Vietnam: Lift the death sentence of Phan Minh Man
|Publisher||International Federation for Human Rights|
|Publication Date||3 August 2010|
|Cite as||International Federation for Human Rights, Vietnam: Lift the death sentence of Phan Minh Man, 3 August 2010, available at: http://www.refworld.org/docid/4c752b30c.html [accessed 25 November 2015]|
3 August 2010
Paris, 03 August 2010: The International Federation for Human Rights (FIDH) calls upon the Vietnamese authorities to lift the sentence of Phan Minh Man, a 20 year-old student condemned to death on 17 July 2010 by the People's Court in Ho Chi Minh City (Saigon) for the murder of his father. FIDH reiterates its appeal to Vietnam to abolish the death penalty.

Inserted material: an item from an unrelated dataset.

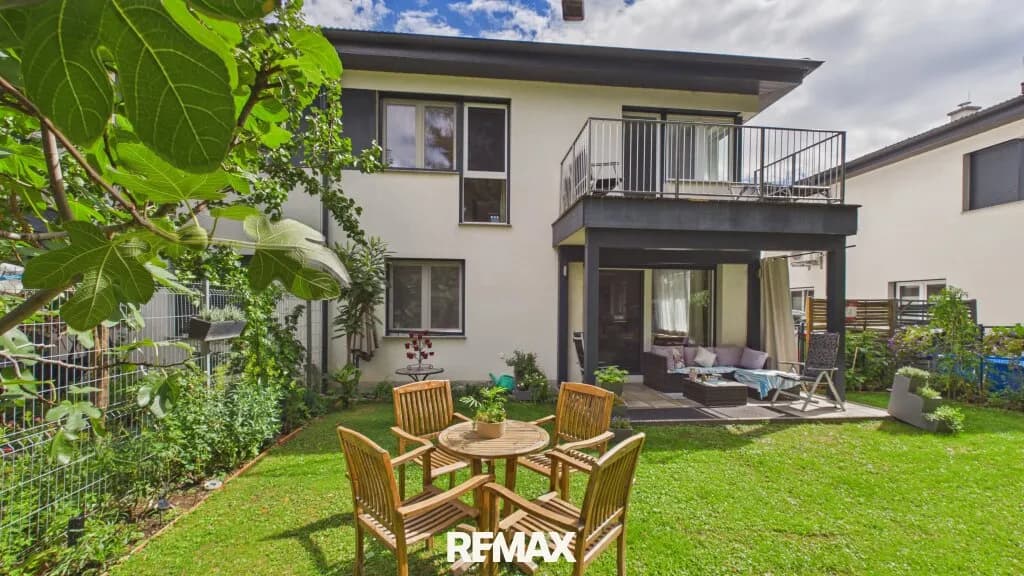 4-Zimmer-Haus kaufen in Gänserndorf – 113 m², € 470.000 – Bild 1 von 23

According to the information received by the Vietnam Committee on Human Rights, an affiliated member of the International Federation for Human Rights, Phan Minh Man belonged to a very poor family and was studying at the Phu Lam school of advanced economic studies. The young man, his mother and other family members, were victims of extreme violence by his alcoholic father on a daily basis. As his mother stated:"Since he was a little boy, he endured his father's violence without a word. When his father beat him, he ran away. When his father beat me and his sibling, he rushed in to stop it. Not once, in more than 10 years of beatings, did he ever talk back at his father".

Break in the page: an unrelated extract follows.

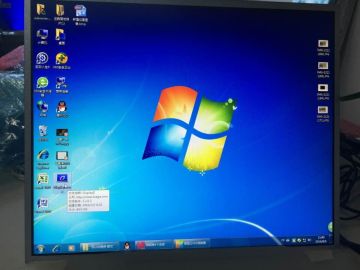 Quality Lcd panel G190ETN02. 19" open frame lcd display high brightness monitor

FIDH echoes the concerns expressed by its affiliated member, the Vietnam Committee on Human Rights, that domestic violence, in a context of extreme poverty is a phenomenon affecting several thousands families in the country today. As official statistics published in State media confirm every three days one woman is losing her life, victim of domestic and/or conjugal violence.

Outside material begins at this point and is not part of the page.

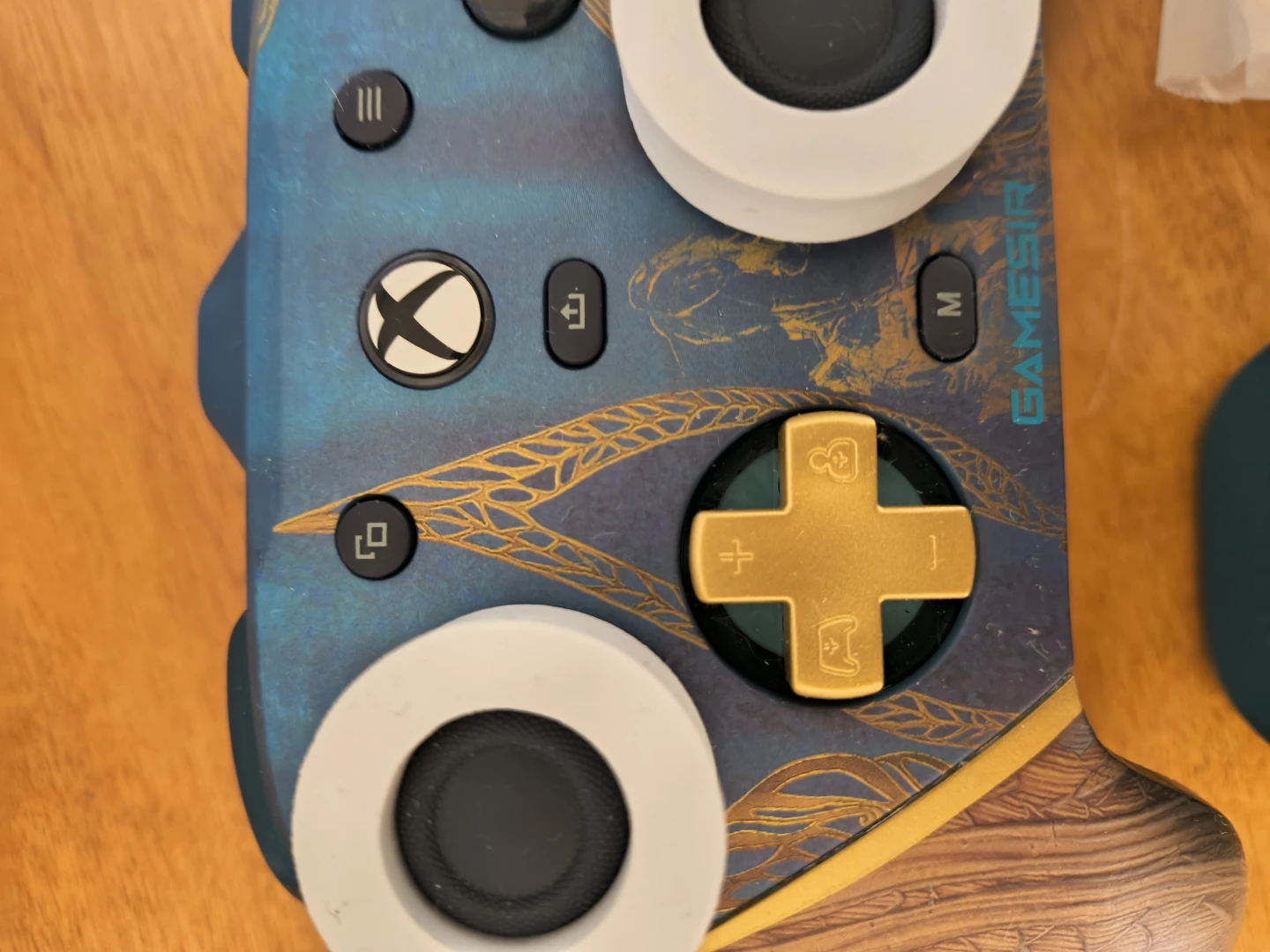 Gamesir G7 Pro WUCHANG FALLEN FEATHERS xbox - photo 4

While FIDH is opposed to the death penalty under all circumstances, the Organisation expresses its firm belief that the Court should have taken into account the mitigating factors, in particular the social and economic background, in the case of Phan Minh Man. FIDH reminds the Vietnamese authorities that, as current chair of ASEAN, they should send to the international community a signal of humanity and respect of human life and take meaningful steps towards the abolition of this inhuman practice.